Why is tailor so slow dealing with CVS?
Tailor uses the standard command line interface to actually fetch information from the repository. Several people complained this is slow and suggested using a tool written in C, but there i none yet. The current only alternative, CvspsRepository, which uses cvsps to group commits back into changesets, but the bottleneck with CVS is surely not the log parser. Faster approaches require using the CVS protocol directly to avoid the cost of forking cvs commands and creating connections to the same server over and over again (see below), or direct access to the CVS repository and to its RCS files (see for example cvs2svn, or parsecvs).

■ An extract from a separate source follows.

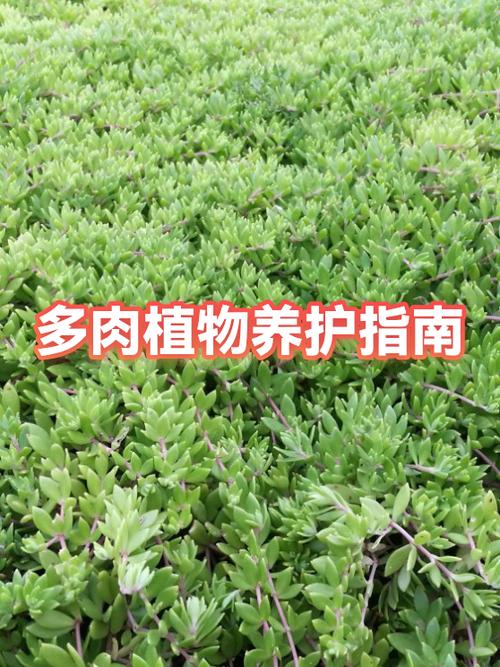 多肉能用普通泥土养吗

For direct protocol access it would be better to use an existing implementation of the cvs protocol, but other tools (eg. git-cvsimport, written in perl), implement their own cvs client. There only python implementation I could find is PyCVS, whose developement seems to have staled a long ago. I could find no C implementation. OTOH, there is at least one perl library under more active development at (libcvs-perl), which could posibly be glued into python using PyPerl).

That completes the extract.